Aimee Lou Wood Receives Apology from SNL Over “Mean and Unfunny” Sketch


  • Oasis FM
  • 15-04-2025
  • Showbiz News
  • Photo Credit: Holland Rainwater/NBC/Fabio Lovino/HBO
Aimee Lou Wood Receives Apology from SNL Over “Mean and Unfunny” Sketch

The White Lotus star Aimee Lou Wood has revealed she received an apology from Saturday Night Live following backlash over a sketch that mocked her appearance and character in a way she called “mean and unfunny.”

The controversy erupted after the latest episode of SNL aired a parody skit featuring comedian Sarah Sherman as a highly exaggerated version of Wood’s White Lotus character, Chelsea. In the sketch, Jon Hamm portrayed a parody of Walton Goggins’ character Rick, dressed in the show’s signature Hawaiian resort attire, and delivered a bizarre line: “I’ve been having these insane ideas, like what if we took all the fluoride out of the drinking water? What would that do to people’s teeth?”

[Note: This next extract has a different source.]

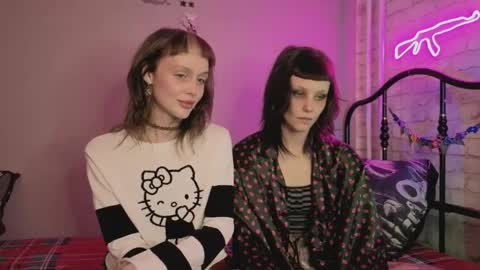 Snapshot of twins_terror chatting on 04-21-26, 03:50 Sin and Skin online show from 04-21-26, 03:50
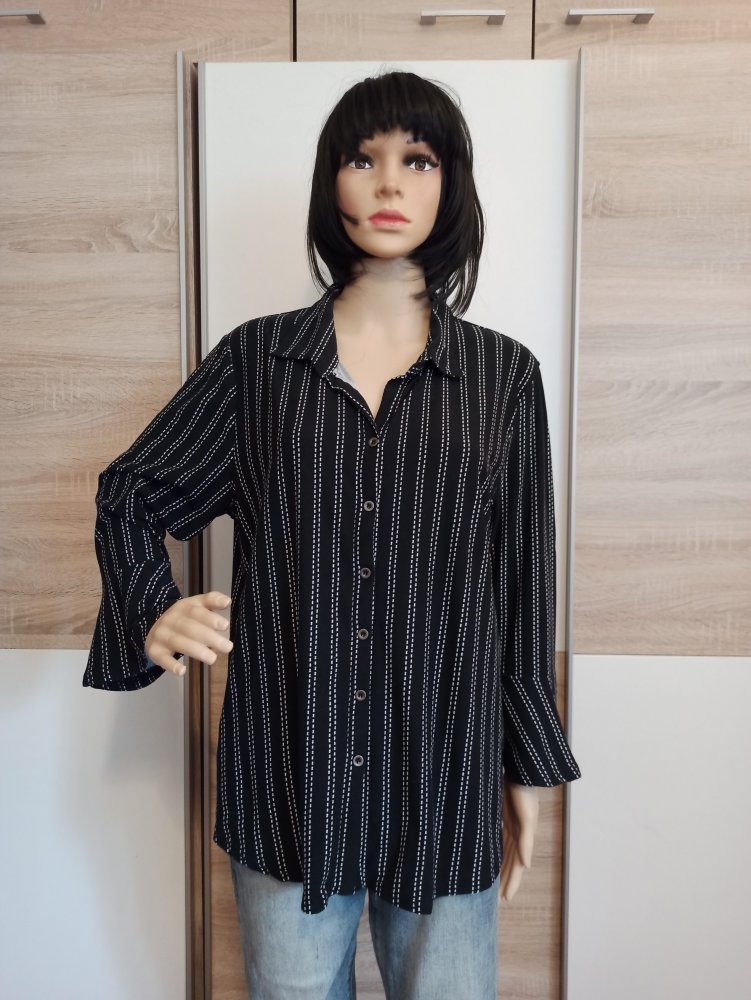 Schöne Bluse in schwarz mit weiße Streifen von by Design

The camera then cut to Sherman’s caricature of Chelsea, sporting oversized fake teeth, who responded cluelessly, “Fluoride? What’s that?” The moment instantly raised eyebrows for its apparent focus on Wood’s real-life appearance, rather than any broader satire.

Aimee Lou Wood took to her Instagram Stories the following day to express her disappointment. “Such a shame cuz I had such a great time watching it a couple of weeks ago,” she wrote. “Yes, take the p*** for sure, that’s what the show is about, but there must be a cleverer, more nuanced, less cheap way?”

The actress later shared a follow-up post revealing that SNL had reached out to apologise. “I’ve had apologies from SNL,” she wrote, calling it the “last thing I’ll say on the matter.”

Clarifying her reaction further, Wood explained: “I am not thin-skinned. I actually love being taken the p*** out of when it’s clever and in good spirits. But the joke was about fluoride. I have big gap teeth, not bad teeth. I don’t mind caricature, I understand that’s what SNL is. But the rest of the skit was punching up, and I/Chelsea was the only one punched down on.”

She was also quick to defend SNL cast member Sarah Sherman, distancing her from the controversy: “Actually one last thing. Not Sarah Sherman’s fault. Not hating on her, hating on the concept.”

Apologies from SNL are extremely rare, especially in response to celebrity criticism, suggesting that Wood’s reaction struck a chord behind the scenes at the long-running sketch show. While satire is a cornerstone of the programme’s identity, this incident has reignited the conversation around where the line between comedy and cruelty lies, especially when real people and their physical traits are the punchline.